Austin, of course, made a huge play with a return, but it was a 90-yard kickoff runback for a touchdown, his second of the season.
"It was all the blocking,'' Austin said. "I hit the sideline and made a couple of moves, but that was about it. Everything else was blocking.''
But as important as that kickoff return was, punt returns have been a mixed bag for the little speedster all season.
Austin ranks fourth in the country in punt returns, averaging 14.1 yards, but that's only on the ones he has returned. Opponents have punted the ball 68 times this season and Austin, while lining up deep on all but a handful of those, has run back only 19. The others have been fair catches or -- more glaringly -- punts on which he signaled a fair catch and then couldn't get to it or let it bounce.
That put West Virginia's offense in poor field position far more times than an Austin return enhanced field position. And then a week ago against Pitt, Austin dropped a punt and Pitt recovered. Brown replaced him after that and remained in the position against USF.
For the record, Brown let South Florida's first punt drop. But it bounced backward and netted only 24 yards.
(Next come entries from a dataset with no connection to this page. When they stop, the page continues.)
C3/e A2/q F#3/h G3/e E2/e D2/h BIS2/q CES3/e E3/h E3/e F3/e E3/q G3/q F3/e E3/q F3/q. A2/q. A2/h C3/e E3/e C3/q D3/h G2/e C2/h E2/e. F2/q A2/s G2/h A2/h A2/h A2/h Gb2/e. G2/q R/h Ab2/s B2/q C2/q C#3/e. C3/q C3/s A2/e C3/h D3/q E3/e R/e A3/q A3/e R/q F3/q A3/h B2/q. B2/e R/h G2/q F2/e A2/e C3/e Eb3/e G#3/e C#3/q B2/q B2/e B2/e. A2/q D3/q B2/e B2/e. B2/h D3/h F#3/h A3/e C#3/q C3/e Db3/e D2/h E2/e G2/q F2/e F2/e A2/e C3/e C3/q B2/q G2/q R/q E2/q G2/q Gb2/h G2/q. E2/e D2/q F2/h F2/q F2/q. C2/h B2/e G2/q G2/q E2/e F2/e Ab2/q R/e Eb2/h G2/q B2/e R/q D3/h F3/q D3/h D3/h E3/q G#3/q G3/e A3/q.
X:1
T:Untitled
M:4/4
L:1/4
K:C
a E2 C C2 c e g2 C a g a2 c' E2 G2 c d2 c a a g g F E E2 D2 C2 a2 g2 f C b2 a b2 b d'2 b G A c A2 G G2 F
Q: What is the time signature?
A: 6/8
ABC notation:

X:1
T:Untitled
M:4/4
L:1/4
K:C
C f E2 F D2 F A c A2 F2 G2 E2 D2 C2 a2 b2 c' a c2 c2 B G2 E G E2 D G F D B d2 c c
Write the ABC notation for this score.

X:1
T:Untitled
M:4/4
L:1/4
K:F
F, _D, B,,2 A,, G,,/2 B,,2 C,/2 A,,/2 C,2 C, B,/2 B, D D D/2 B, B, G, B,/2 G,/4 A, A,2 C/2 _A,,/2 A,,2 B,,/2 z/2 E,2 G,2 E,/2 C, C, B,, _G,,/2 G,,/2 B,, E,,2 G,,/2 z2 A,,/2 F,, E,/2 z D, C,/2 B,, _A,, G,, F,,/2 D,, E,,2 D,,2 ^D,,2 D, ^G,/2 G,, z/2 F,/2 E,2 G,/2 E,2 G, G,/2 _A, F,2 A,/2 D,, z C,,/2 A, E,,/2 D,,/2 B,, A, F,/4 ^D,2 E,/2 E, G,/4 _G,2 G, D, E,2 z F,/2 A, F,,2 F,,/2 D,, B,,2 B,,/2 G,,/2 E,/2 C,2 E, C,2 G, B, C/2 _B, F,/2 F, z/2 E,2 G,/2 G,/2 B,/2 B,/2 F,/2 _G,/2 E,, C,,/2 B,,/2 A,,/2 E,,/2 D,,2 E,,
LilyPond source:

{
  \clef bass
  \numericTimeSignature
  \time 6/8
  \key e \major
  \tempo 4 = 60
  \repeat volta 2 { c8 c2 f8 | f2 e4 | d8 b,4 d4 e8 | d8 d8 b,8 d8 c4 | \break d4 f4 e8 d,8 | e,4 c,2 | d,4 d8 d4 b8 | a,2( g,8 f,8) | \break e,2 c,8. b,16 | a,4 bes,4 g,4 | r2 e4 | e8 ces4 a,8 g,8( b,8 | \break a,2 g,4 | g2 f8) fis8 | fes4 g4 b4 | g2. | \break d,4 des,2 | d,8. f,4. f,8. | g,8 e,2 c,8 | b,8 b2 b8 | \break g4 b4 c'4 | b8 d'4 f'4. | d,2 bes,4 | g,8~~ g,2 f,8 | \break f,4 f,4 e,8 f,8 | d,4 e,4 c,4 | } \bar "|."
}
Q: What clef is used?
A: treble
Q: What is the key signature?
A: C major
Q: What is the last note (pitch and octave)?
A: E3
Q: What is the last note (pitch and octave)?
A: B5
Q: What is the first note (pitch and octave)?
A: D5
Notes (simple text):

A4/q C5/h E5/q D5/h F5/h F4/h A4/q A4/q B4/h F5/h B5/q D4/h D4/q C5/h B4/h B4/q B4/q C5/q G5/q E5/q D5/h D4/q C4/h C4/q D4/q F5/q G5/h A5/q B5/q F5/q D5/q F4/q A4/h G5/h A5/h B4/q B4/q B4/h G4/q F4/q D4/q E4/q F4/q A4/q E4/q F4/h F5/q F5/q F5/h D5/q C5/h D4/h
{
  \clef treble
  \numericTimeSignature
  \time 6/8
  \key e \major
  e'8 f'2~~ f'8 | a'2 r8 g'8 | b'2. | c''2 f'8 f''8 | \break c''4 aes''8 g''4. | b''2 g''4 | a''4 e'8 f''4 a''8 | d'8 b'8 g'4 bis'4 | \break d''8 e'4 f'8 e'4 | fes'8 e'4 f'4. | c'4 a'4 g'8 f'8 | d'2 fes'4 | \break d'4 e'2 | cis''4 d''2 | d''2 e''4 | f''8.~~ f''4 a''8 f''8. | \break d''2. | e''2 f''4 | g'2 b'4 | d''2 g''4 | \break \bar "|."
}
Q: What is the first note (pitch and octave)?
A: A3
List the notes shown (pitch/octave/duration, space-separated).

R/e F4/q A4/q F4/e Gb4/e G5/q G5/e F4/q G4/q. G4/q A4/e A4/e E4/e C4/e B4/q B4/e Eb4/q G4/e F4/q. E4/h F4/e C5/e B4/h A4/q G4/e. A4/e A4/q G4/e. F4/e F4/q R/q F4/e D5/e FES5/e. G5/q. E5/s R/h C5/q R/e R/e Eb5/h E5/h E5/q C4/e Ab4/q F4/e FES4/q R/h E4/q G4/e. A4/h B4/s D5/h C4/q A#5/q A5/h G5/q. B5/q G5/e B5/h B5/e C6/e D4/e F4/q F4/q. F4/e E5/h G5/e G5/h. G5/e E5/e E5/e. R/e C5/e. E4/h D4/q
Later in the game he would call for a fair catch and let a ball drop and roll behind him into the end zone. Statistically he did not have a punt return against the Bulls. Fair catches don't count as returns.
Then again, who really needed a punt returner? West Virginia obviously saw something in wanted to attack in South Florida's punt protection, going hard after punter Justin Brockhaus-Kann right from the start. It worked, too, when Willie Milhouse, who was named one of the team captains before the game, blocked a second-quarter punt that led to a Bitancurt field goal.
BRIEFLY: You knew it had to end eventually for Corey Smith, who was perfect in last week's win over Pitt, averaging 57 yards a punt. Well, his first punt against USF was angled and rolled out of bounds at the USF 7, but his second near midfield sailed out of bounds for just 20 yards and his third went 33 yards and bounced backwards. For the night he punted four times and averaged 32 yards.
| Speaking of kicking woes, Bitancurt missed his first attempt of the night, a 38-yarder that smacked into an upright and bounced back on the field. It was Bitancurt's fifth miss in his last six attempts after beginning the season 12-of-13. But then he made three in a row, including the game winner.
| Quinton Spain and Curtis Feigt started the game at right guard and right tackle, respectively, just as they finished the Pitt game. But Tyler Rader and Pat Eger, the players they replaced in the lineup, both saw action as early as the first half.
| Back to punt returns. South Florida had given up -- this is not a typo -- just three punt return yards all season. West Virginia got 16. How? When Milhouse blocked that punt, it went backward and Ricky Kovatch recovered 16 yards behind the point of the block. Those are return yards.
| Austin, by the way, passed Steve Slaton's 2006 school record of 2,104 all-purpose yards in a season during the first quarter.
| West Virginia was outgained in total yardage 397-364, only the second time that's happened this season (Syracuse was the first). South Florida also converted 10 of 19 third downs while WVU converted an awful two of 14. But the Mountaineers were three-for-three on fourth-down tries.